Akhnaten ensablé

Certaines soirées paraissent plus longues que d’autres, certaines chroniques sont plus difficiles à écrire que d’autres. Même si Akhnaten n’a pas la portée des chefs-d’œuvre de Philip Glass, on se faisait une joie d’entendre cette évocation du pharaon qui a tenté d’imposer le monothéisme. On se consolait à l’avance d’une version de concert en se disant que les artistes y trouveraient du confort tant cette musique exige une concentration et une précision d’exécution peu communes. Las…

La-do-mi-la-do-mi… Une fois passé le long prélude initial retentit la voix de la légendaire Lucinda Childs, salement amplifiée à la manière d’une annonce d’aéroport. Non seulement le texte devient incompréhensible mais la chorégraphe et amie de longue date du compositeur ne propose qu’une lecture d’une neutralité désarmante, surtout préoccupée par ses entrées qu’elle rate presque systématiquement comme si elle jouait à Peekaboo avec le chef répétant ses signaux comme dans un sketch comique. Léo Warynski a pourtant fort à faire par ailleurs.

Sa gestique très souple produit de beaux effets sur les Chœurs de l’Opéra de Nice, que ce soit lors des funérailles d’Amenothep III ou de l’attaque et de la chute de la nouvelle capitale. Warynski n’obtient rien de comparable de l’Orchestre philharmonique de Nice. Le jeu des cordes (sans violons comme il se doit) se contente d’une répétition certes inéluctable mais transpirant l’effort. Les vents se greffent maladroitement sur ce tapis immuable. Les percussions déliées sonnent grassement. Les modulations se figent et ce désert plat ne montre même pas un mirage. Sur le devant de la scène, les chanteurs s’intègrent plus ou moins bien à l’ensemble.
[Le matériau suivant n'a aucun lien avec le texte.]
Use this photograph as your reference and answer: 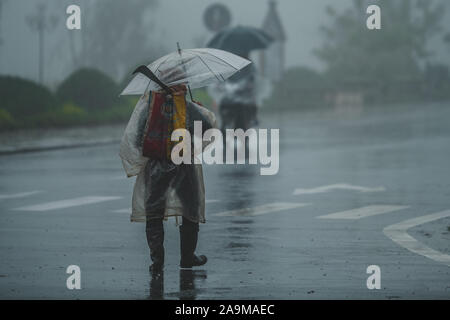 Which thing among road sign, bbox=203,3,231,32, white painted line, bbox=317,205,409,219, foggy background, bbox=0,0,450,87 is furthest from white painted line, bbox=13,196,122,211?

À la droite du chef, Frédéric Cornille, Frédéric Diquero et Vincent Le Texier font leur office de manière efficace. À gauche, la première intervention conjointe de la famille royale tourne à la cacophonie, chacun chantant dans une tonalité distincte. Dans le rôle de la reine Tye, Patrizia Ciofi semble cueillie à froid. Elle se reprend ensuite mais n’a pas toujours la dextérité requise par l’écriture. En Néfertiti, Julie Robard-Gendre offre quant à elle une intonation exempte de reproche et sa belle voix apporte bien des consolations.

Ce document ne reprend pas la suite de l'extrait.